Establishing a cross-sectional Oncology Center of Excellence (OCE) would theoretically increase the retention and recruitment of professional FDA personnel with disease- specific expertise, streamline drug and device review processes, and enhance outreach activities to patient groups. Rather than have individual FDA centers review oncology products and treatments in an uncoordinated way, the centralized OCE, would seek to coordinate and improve the process across the FDA.
Significant steps must be taken to realize the benefits of the OCE. The temporary director, Dr. Richard Pazdur, recently proposed the first steps to complete the task. He recommended cross-center monthly meetings to discuss central oncology issues and advances. Initially, Pazdur seeks to build a system for cross- disciplinary review staff, provide external outreach to diverse stakeholders, and ensure current administrative efficiency for review of significant cancer products.
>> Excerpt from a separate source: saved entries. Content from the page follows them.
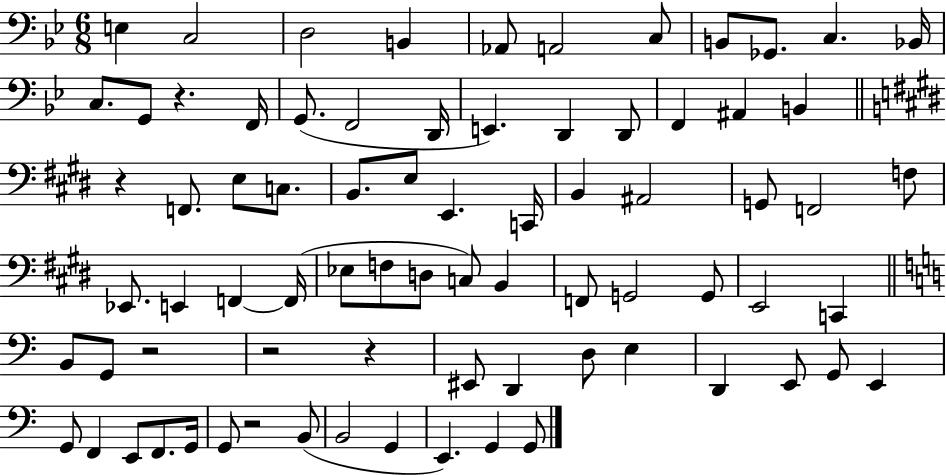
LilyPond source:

{
  \clef bass
  \numericTimeSignature
  \time 6/8
  \key bes \major
  e4 c2 | d2 b,4 | aes,8 a,2 c8 | b,8 ges,8. c4. bes,16 | \break c8. g,8 r4. f,16 | g,8.( f,2 d,16 | e,4.) d,4 d,8 | f,4 ais,4 b,4 | \break \bar "||" \break \key e \major r4 f,8. e8 c8. | b,8. e8 e,4. c,16 | b,4 ais,2 | g,8 f,2 f8 | \break ees,8. e,4 f,4~~ f,16( | ees8 f8 d8 c8) b,4 | f,8 g,2 g,8 | e,2 c,4 | \break \bar "||" \break \key a \minor b,8 g,8 r2 | r2 r4 | eis,8 d,4 d8 e4 | d,4 e,8 g,8 e,4 | \break g,8 f,4 e,8 f,8. g,16 | g,8 r2 b,8( | b,2 g,4 | e,4.) g,4 g,8 | \break \bar "|."
}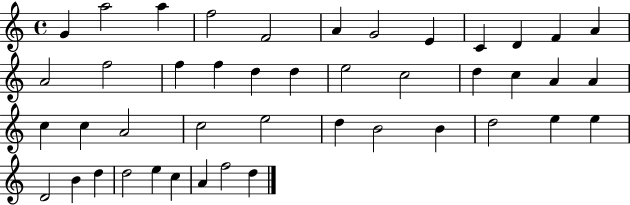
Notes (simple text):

G4/q A5/h A5/q F5/h F4/h A4/q G4/h E4/q C4/q D4/q F4/q A4/q A4/h F5/h F5/q F5/q D5/q D5/q E5/h C5/h D5/q C5/q A4/q A4/q C5/q C5/q A4/h C5/h E5/h D5/q B4/h B4/q D5/h E5/q E5/q D4/h B4/q D5/q D5/h E5/q C5/q A4/q F5/h D5/q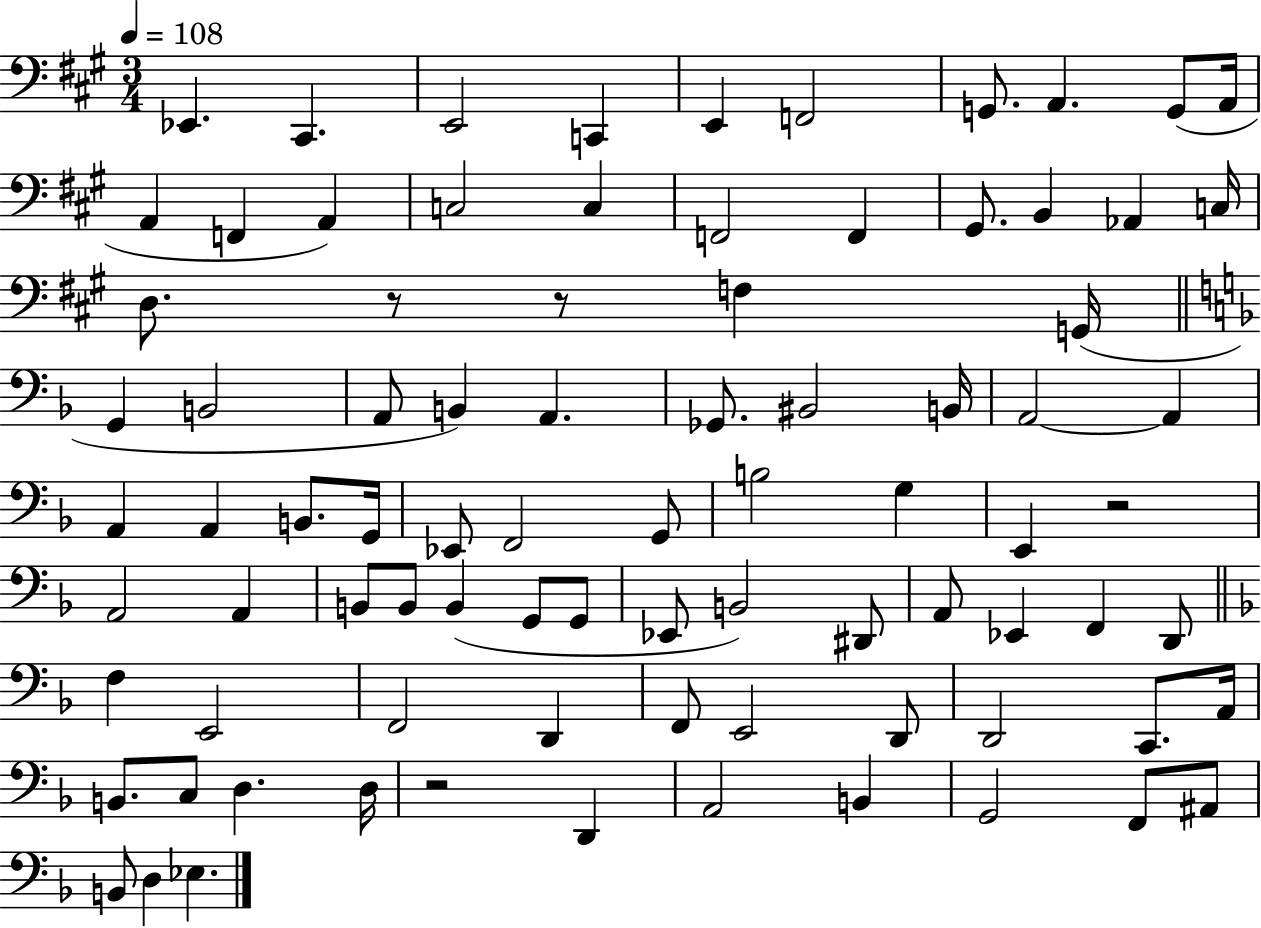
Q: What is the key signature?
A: A major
Congress is also taking an interest in reorganizing the FDA. H.R. 5414, the FDA Cross-Center Collaboration Act of 2016, would establish Intercenter Institutes within the FDA to focus on specific diseases and coordinate activities between the agency’s drug, device, and biologic centers. Specifically, these Institutes would be tasked with coordinating activities, applicable to their specific disease areas, with the Center for Drug Evaluation and Research, Center for Biologics Evaluation and Research, and Center for Devices and Radiological Health. In order to establish such Institutes, HHS would have to provide for a public comment period on the proposed Institute. A bipartisan Senate bill, S. 2700, also included language on Intercenter Institutes when it advanced out of committee in March.
Although Cancer Moonshot efforts within FDA are, pardon the pun, just taking off, we can already anticipate a number of challenges to creating the OCE and hurdles that may arise for product approvals within OCE. First, the FDA is in the midst of a massive administrative reorganization called Program Alignment, underway since 2014 that created the Office of Regulatory Affairs—a product based and vertically integrated inspection program—and the Offices of Manufacture and Pharmaceutical Quality. However, this reorganization is focused mainly on post- market compliance; thus it does not provide much framework for the lofty Cancer Moonshot goals focused on new treatments and cures. Second, an October 2015 independent report titled “Combination Product Review Intercenter Consult Process Study” identified key issues with the fully implemented office of Combination Products that could be very instructive to the FDA in developing the OCE or other Intercenter Institutes:
- Different Application Types and Timelines
- Separate Review and Tracking System in each Center
- Unclear communication channels between Centers
- Lacked Resources
While we don’t expect much to happen with the implementation of these initiatives in these final months of the Presidential election year, we are carefully monitoring all reorganization programs within the FDA so we can better identify opportunities and anticipate roadblocks for clients.